Anger – The Deadliest of the Five Passions
We have all lost our temper at some point. As good hosts we invite anger to visit us and unfortunately we entertain it. Anger is an emotional state that varies in severity from passing irritation, through annoyance to intense anger. We are told that there are many adverse physical effects of anger such as a rise in blood pressure, migraine and increased pulsations and body temperature. It can even lead to mental illnesses such as depression and severe anxiety.
It is said that when animals experience this feeling, they shout and produce high frequency sounds; they physically try to dominate other animals; they clench their teeth and stare intensely. Unfortunately, a lot of us human beings react in the same way when someone does not behave the way we want them to, or says something unpleasant to us. Hence aren’t we behaving, in essence, like those animals when we have an anger attack? We forget that the Lord made us humans and granted us the power of discrimination between good and bad.
In this day and age we see supposedly cultured and civilised people shout at inanimate objects: the mobile phone because it won’t stop ringing, at a traffic light because it turns red at the wrong moment or maybe at the computer screen because the Internet is slow.

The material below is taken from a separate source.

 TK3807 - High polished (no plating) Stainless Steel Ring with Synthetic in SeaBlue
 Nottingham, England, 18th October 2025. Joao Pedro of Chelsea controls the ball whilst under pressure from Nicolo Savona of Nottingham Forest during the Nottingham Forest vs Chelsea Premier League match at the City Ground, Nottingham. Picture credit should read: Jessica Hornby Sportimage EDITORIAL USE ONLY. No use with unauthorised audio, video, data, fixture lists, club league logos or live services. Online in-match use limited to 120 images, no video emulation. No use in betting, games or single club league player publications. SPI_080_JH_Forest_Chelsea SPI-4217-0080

A character in a book by Robert Fulghum tells us that in some of the South Pacific islands, it is said that some villagers used to practise a unique form of logging. If a tree was too large to be felled with an axe, the villagers cut it down by yelling at it. Woodsmen would creep up on a tree at dawn and suddenly scream at it at the top of their lungs. They would continue this for thirty days. The tree would die and fall over. The theory was that the hollering killed the ‘spirit’ of the tree. Likewise, our anger at our fellow human beings also has a negative effect on their spirit. However, when we are angry we are often in denial, and even insist that we ourselves are the victims of the malevolence of others. We are often quick to blame others when we lose our temper. However, some introspection may benefit us. We may have heard of the saying: “I asked God for patience, so he gave me adverse situations so I could develop it.” Therefore, if we really want to liberate ourselves from these problems, we have to transform our interpretation of what happens to us in our life: transform our own mind so it can learn to accept positively the difficult situations that cause us to lose our temper. When we get angry we are passing the remote control of our lives into the hands of others. If we can remain calm and composed, we will have a better chance of making the correct decision in a difficult situation.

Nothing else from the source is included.